WORK INSTRUCTION: Your reply should hold exactly the lines from the one that contains "Brass & Dark Wood Magnifying Glass" through the end of the data. Repeat them word for word.

INPUT DATA:
***

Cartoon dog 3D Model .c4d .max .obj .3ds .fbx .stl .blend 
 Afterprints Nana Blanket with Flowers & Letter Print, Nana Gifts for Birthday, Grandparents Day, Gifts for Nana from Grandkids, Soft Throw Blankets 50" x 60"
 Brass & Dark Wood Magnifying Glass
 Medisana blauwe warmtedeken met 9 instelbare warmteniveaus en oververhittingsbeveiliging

***

EXERCISE RESPONSE:
 Brass & Dark Wood Magnifying Glass
 Medisana blauwe warmtedeken met 9 instelbare warmteniveaus en oververhittingsbeveiliging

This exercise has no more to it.